Matthew Kopko from Bird testifying at a committee hearing on February 13th.


Matthew Kopko with Bird Rides (L), and Jonathan Hopkins from Lime.

Senators Lew Frederick (L) and Cliff Bentz.

What was expected to be just another ho-hum hearing on one of thousands of bills working their way through Oregon’s 2019 legislative session, turned out to be anything but.

“What I’m hearing seems to be a bit counter-intuitive from a safety perspective.”
— Rep. Caddy McKeown, Co-Chair Joint Committee on Transportation

As we shared earlier today, House Bill 2671 seeks to require helmets for electric scooter riders 15 years of age or younger. Currently all e-scooter riders are required to wear a helmet. Backers of this bill — which include scooter companies, The Street Trust and Forth Mobility (an Oregon-based electric vehicle advocacy group) — say they merely want to harmonize the scooter law with the existing bicycle law which makes helmet use optional for everyone 16 years and older.

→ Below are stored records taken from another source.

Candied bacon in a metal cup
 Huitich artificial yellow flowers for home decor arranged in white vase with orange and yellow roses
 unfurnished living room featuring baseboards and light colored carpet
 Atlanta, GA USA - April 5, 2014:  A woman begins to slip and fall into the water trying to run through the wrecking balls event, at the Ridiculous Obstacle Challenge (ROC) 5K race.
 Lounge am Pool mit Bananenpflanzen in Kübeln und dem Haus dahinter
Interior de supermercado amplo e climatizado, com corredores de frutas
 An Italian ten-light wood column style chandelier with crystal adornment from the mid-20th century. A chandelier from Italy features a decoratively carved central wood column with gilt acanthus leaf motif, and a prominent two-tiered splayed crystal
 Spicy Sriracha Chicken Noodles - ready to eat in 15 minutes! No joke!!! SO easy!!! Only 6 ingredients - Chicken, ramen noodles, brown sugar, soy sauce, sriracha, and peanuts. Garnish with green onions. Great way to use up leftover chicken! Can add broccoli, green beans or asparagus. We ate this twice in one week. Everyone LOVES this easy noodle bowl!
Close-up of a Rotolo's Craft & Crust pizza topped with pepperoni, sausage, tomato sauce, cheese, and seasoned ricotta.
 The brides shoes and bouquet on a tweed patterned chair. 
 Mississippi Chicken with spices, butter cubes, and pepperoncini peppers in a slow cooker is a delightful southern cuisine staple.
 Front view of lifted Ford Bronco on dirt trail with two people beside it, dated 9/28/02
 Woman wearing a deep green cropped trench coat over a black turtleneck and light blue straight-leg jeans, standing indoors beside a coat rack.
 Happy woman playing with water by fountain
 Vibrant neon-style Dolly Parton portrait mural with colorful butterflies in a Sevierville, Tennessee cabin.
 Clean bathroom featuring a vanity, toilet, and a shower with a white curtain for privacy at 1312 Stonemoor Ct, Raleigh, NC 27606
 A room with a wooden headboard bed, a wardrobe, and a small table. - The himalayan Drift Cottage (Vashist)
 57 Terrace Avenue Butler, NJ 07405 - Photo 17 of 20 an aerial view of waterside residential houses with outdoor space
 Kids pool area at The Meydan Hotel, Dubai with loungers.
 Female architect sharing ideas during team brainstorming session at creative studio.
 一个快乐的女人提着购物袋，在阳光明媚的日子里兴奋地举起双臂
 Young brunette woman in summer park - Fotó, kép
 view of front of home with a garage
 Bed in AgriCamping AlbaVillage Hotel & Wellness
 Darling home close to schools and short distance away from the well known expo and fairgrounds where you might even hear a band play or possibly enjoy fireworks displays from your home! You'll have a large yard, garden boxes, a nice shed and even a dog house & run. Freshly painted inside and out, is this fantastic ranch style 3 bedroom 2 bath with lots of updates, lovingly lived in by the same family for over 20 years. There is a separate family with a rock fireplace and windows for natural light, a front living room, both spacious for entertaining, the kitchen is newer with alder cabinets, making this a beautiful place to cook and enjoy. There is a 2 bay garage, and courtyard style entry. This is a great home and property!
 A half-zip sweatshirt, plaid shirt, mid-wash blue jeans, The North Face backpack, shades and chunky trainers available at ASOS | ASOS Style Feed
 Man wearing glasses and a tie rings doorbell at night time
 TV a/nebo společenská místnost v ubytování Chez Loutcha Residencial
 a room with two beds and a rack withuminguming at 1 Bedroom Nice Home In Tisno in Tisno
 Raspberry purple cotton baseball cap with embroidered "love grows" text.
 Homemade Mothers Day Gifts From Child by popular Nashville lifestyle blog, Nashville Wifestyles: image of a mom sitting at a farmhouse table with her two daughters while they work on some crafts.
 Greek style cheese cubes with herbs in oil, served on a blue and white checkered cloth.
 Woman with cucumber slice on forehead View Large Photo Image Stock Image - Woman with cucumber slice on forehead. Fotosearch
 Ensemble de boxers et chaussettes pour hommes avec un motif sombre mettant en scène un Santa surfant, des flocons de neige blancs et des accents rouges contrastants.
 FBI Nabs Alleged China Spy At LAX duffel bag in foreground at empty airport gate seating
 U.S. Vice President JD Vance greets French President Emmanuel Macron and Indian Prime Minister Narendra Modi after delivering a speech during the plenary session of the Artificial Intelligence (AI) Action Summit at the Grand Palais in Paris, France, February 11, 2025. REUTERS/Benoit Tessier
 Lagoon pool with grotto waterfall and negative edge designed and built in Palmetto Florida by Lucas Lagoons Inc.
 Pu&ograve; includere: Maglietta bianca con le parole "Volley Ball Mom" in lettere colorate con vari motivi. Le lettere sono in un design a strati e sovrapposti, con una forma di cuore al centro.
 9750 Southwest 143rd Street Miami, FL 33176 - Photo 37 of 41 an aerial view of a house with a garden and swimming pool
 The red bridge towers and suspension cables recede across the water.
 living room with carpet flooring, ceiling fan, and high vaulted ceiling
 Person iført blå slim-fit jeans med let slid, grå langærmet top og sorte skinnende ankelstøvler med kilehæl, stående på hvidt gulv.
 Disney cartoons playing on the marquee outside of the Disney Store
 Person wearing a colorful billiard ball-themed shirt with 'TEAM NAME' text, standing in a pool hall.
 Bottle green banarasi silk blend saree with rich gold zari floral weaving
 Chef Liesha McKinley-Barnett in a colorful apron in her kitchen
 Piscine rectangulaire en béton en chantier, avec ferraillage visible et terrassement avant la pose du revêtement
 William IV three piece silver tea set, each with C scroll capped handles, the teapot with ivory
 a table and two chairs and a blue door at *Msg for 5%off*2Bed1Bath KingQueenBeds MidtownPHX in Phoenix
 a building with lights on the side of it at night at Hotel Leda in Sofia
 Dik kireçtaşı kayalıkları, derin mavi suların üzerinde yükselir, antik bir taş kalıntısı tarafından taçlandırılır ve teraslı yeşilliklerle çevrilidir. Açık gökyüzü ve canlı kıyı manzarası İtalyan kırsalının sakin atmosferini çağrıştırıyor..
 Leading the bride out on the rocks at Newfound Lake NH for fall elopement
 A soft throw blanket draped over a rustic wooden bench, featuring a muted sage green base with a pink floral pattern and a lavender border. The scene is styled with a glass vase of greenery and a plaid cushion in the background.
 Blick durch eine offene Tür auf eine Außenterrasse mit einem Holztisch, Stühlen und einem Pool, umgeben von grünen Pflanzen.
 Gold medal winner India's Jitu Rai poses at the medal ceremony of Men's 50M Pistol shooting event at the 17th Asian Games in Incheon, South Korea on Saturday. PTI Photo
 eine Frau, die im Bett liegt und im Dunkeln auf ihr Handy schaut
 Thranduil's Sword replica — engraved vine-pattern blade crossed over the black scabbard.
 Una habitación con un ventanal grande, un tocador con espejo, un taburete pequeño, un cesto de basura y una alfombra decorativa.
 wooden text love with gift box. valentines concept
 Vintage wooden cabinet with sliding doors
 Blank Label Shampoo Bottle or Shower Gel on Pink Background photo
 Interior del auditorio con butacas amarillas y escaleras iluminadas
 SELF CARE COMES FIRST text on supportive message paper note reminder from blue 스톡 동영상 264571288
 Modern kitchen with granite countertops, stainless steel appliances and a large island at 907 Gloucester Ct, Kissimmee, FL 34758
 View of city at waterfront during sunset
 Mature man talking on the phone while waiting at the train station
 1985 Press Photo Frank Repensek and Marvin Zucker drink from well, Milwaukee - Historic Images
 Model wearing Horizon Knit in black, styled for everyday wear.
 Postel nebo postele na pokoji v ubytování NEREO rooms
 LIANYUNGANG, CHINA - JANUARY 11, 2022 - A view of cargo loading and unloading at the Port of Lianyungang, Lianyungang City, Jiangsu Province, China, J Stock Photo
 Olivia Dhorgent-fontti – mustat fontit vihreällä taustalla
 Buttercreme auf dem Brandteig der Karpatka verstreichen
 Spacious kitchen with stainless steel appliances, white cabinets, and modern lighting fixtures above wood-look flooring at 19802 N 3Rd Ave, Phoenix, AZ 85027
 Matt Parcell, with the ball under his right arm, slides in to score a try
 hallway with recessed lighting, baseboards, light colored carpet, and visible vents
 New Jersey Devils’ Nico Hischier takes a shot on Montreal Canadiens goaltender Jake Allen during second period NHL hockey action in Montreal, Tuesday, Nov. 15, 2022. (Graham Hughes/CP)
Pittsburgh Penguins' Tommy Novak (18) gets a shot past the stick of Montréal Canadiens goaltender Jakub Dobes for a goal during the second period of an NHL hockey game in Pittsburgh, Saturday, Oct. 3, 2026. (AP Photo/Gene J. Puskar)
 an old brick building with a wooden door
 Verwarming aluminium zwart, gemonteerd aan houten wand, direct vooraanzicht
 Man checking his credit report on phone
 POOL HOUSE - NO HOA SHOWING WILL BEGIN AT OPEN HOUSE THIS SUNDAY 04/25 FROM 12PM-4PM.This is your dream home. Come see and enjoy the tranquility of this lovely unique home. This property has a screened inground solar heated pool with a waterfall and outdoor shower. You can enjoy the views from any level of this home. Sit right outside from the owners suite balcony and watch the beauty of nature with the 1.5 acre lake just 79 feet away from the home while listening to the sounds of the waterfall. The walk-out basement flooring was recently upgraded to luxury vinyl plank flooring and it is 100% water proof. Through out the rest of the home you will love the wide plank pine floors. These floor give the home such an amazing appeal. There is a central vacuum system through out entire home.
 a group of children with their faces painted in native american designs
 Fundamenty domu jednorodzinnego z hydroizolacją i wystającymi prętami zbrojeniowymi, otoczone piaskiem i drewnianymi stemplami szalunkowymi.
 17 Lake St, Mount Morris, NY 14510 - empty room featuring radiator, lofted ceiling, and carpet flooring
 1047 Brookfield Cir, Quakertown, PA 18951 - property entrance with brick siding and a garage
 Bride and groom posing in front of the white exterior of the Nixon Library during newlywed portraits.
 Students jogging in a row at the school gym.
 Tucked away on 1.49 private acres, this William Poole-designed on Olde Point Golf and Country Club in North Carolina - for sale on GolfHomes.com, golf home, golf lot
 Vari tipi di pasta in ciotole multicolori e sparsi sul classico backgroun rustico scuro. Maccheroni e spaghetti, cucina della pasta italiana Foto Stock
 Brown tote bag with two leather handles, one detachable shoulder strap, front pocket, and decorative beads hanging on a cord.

They say the existence of an all-ages helmet law leads to unequal enforcement against the very people most likely to need and appreciate scooters, and it could stymie adoption of scooters and other micromobility devices in the future.

“This bill creates consistency between green transportation modes,” said Jonathan Hopkins, a director of strategic development for Lime, during testimony in front of the Joint Committee on Transportation on February 13th, “Bikes and scooters are providing the same function, on the same number of wheels, at the same speed, and at the same places. While we always recommend users wear helmets, we also think users should be treated equally under the law when using very similar mobility tools.”

PBOT data from the recent pilot found that 90 percent of riders didn’t wear a helmet even though it’s required by Oregon law.
(Photo: Jonathan Maus/BikePortland)

Hopkins was joined on a panel of scooter company reps by Jordan Bice and Matthew Kopko of Bird Rides. They came armed with data and talking points largely taken from the findings of the City of Portland’s successful e-scooter pilot program that wrapped up last year.

But state lawmakers weren’t having it. None of the half-dozen or so committee members who spoke during the hearing were impressed. Some of them even lectured the panelists with an admonishing tone the likes of which I’ve never heard in a legislative hearing before. The exchanges underscored the skepticism lawmakers have toward this new mode of transportation and toward the corporate lobbyists trying to make it more accessible.

The first one came from Senator Cliff Bentz (R-Ontario). Bentz touted his experience as a bicycle rider and said he knows people who’ve had crashes. “Had they not been wearing helmets they would have been dead,” he said, before adding, “And I mean it,” for emphasis. Bentz also expressed that if a low-income person who’s on Oregon Health Plan crashes and sustains a head injury, the bill for their care will, “Be on us.”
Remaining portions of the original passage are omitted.